If this isn't alarming enough, consider that a prime candidate for exploration is the dazzling coastline from San Diego to Laguna Beach, which features shallow water and promising geology. Then recall the 1969 blowout near Santa Barbara, which spewed crude for a solid year onto beaches south for 100 miles.
Now that we have your attention, there is some cause for optimism that sanity will prevail in Washington. The Senate bill, which may come up for a vote this week, is relatively limited. It would allow drilling for oil and natural gas in 8 million acres of the Gulf of Mexico, about 100 miles from Florida. It also would create 125-mile buffers through 2022 for states on the Pacific and Atlantic coasts.
Still, the measure is correctly seen by California officials as a grave threat. Something worse could emerge from senators' efforts at reconciliation with the House bill. For example, both measures would for the first time share federal royalties from petroleum production with state governments. This creates a powerful incentive for cash-strapped states to grant offshore leases.

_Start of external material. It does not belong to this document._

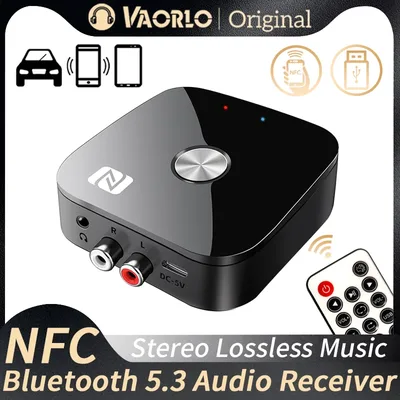 VAORLO T68 NFC 블루투스 5.3 오디오 수신기 지원 USB U 디스크 재생 3.5mm AUX R/L RCA 스테레오 HIFI 무손실 음악 무선 어댑터 차량용 키트 스피커 증폭기 용 원격 제어(내장 200mAh 배터리)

In addition, the House bill would allow exploration and production in U.S. coastal waters beginning 100 miles from shore. Anything closer would have to be approved by individual states. This would seem to protect California, with its nearly unanimous opposition to coastal drilling. But then again, state lawmakers haven't balanced a budget in six years, and the prospect of oil royalties could change the political climate in a fiscal emergency.
Nobody knows how much oil is sitting below California's continental shelf. But there are no credible estimates of reserves that begin to justify the environmental and economic risks posed by the industrialization of its coastal waters. A recent study by state officials found that what they called the “Ocean Economy” contributed $43 billion in 2000 alone.
To be sure, the United States needs to pump more domestic oil. But this Congress has refused to open even a tiny fraction of the giant Alaska National Wildlife Refuge, which contains vast petroleum reserves. ANWAR is on unpopulated, dry land; exploration thus poses astronomically less risk. And Congress and President Bush refuse to substantially improve vehicle fuel-economy standards or take other sensible steps to curtail demand for energy.
California's Democratic senators, Dianne Feinstein and Barbara Boxer, have vowed to kill the coastal drilling legislation. Cheering them on is Gov. Arnold Schwarzenegger, a Republican. We can't think of a better time for such bipartisanship.